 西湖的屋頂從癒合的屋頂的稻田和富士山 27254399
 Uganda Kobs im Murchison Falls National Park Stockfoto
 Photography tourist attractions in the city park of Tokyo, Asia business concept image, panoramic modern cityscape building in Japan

....

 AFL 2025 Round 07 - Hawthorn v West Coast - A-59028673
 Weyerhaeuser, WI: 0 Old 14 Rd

....

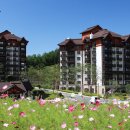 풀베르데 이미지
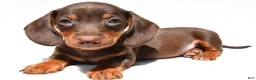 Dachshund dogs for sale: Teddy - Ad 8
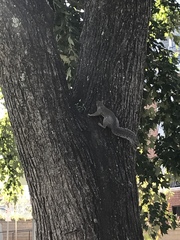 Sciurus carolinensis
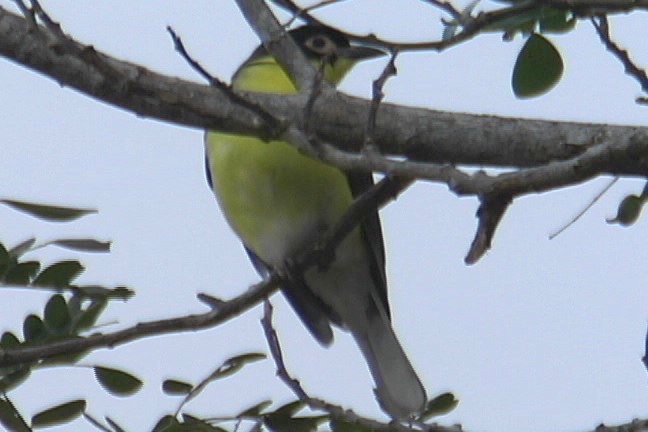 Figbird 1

....

Exercise objective:
Please give an exact copy of the entries above, from the line with "西湖的屋頂從癒合的屋頂的稻田和富士山 27254399" down to the line with "Photography tourist attractions", inclusive, and nothing else.

Exercise result:
 西湖的屋頂從癒合的屋頂的稻田和富士山 27254399
 Uganda Kobs im Murchison Falls National Park Stockfoto
 Photography tourist attractions in the city park of Tokyo, Asia business concept image, panoramic modern cityscape building in Japan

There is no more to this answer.